(Instructions to follow): Please set down only the lines below starting with the line with "Construction / Engineering" and going on through the line with "Algarve Amor. Personalized", verbatim and without pictures.

----- Dataset records

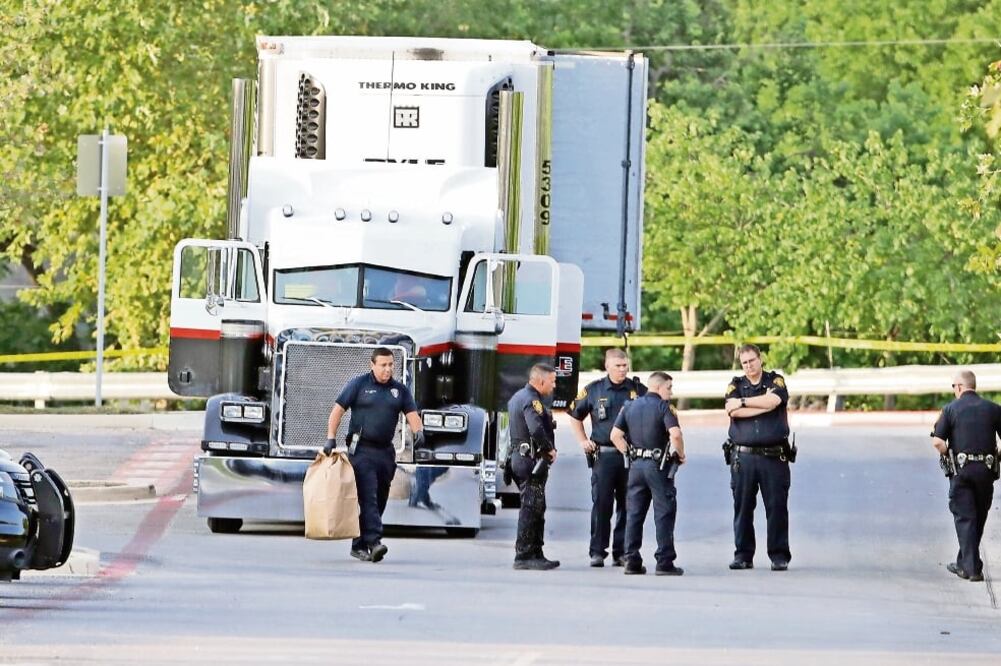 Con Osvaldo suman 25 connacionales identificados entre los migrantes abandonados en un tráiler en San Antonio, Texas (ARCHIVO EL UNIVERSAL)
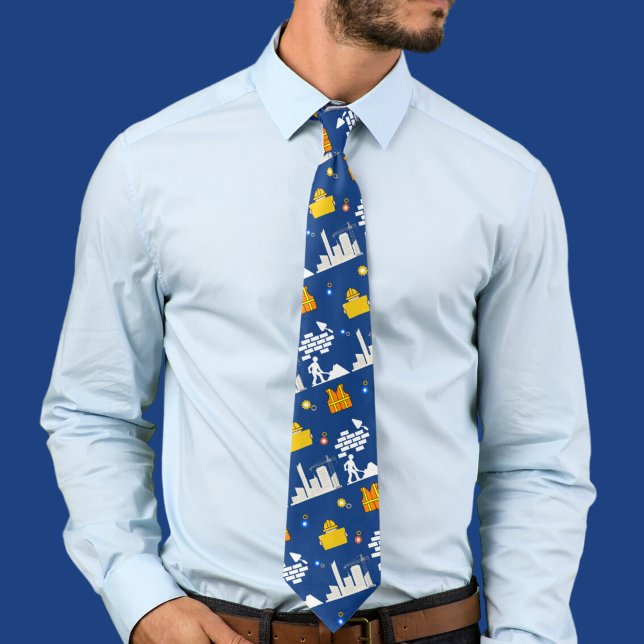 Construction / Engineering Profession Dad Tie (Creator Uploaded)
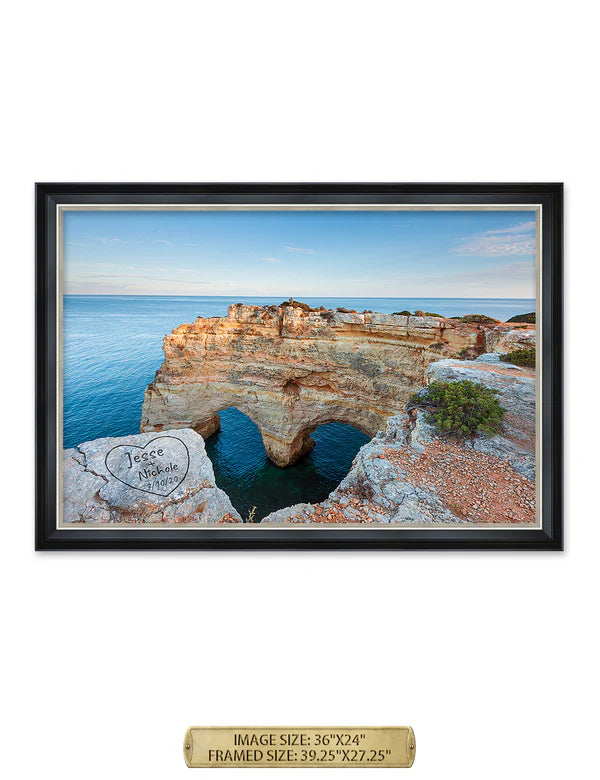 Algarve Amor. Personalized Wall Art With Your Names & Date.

----------
----- Dataset records

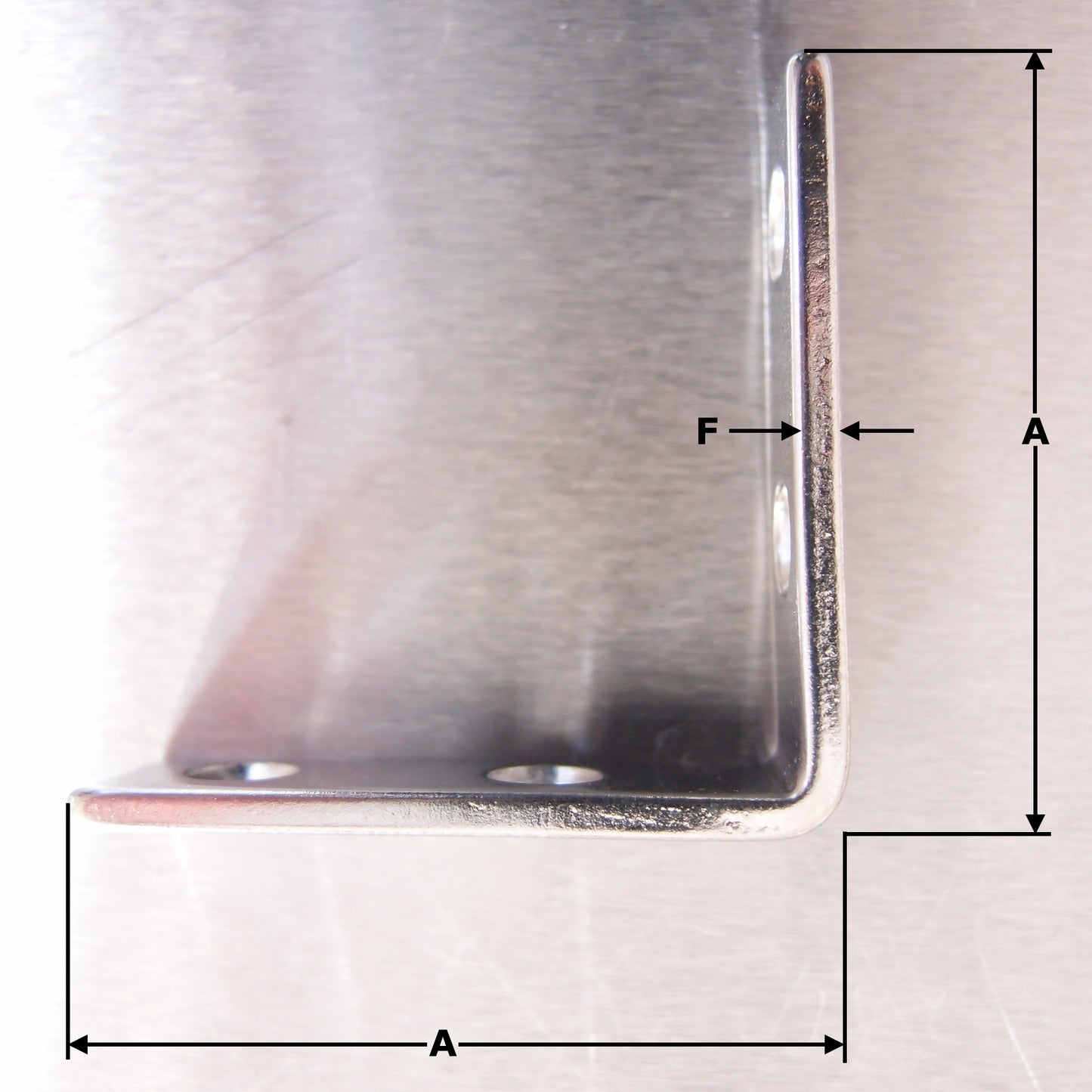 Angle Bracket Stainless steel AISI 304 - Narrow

----------

(Response):
 Construction / Engineering Profession Dad Tie (Creator Uploaded)
 Algarve Amor. Personalized Wall Art With Your Names & Date.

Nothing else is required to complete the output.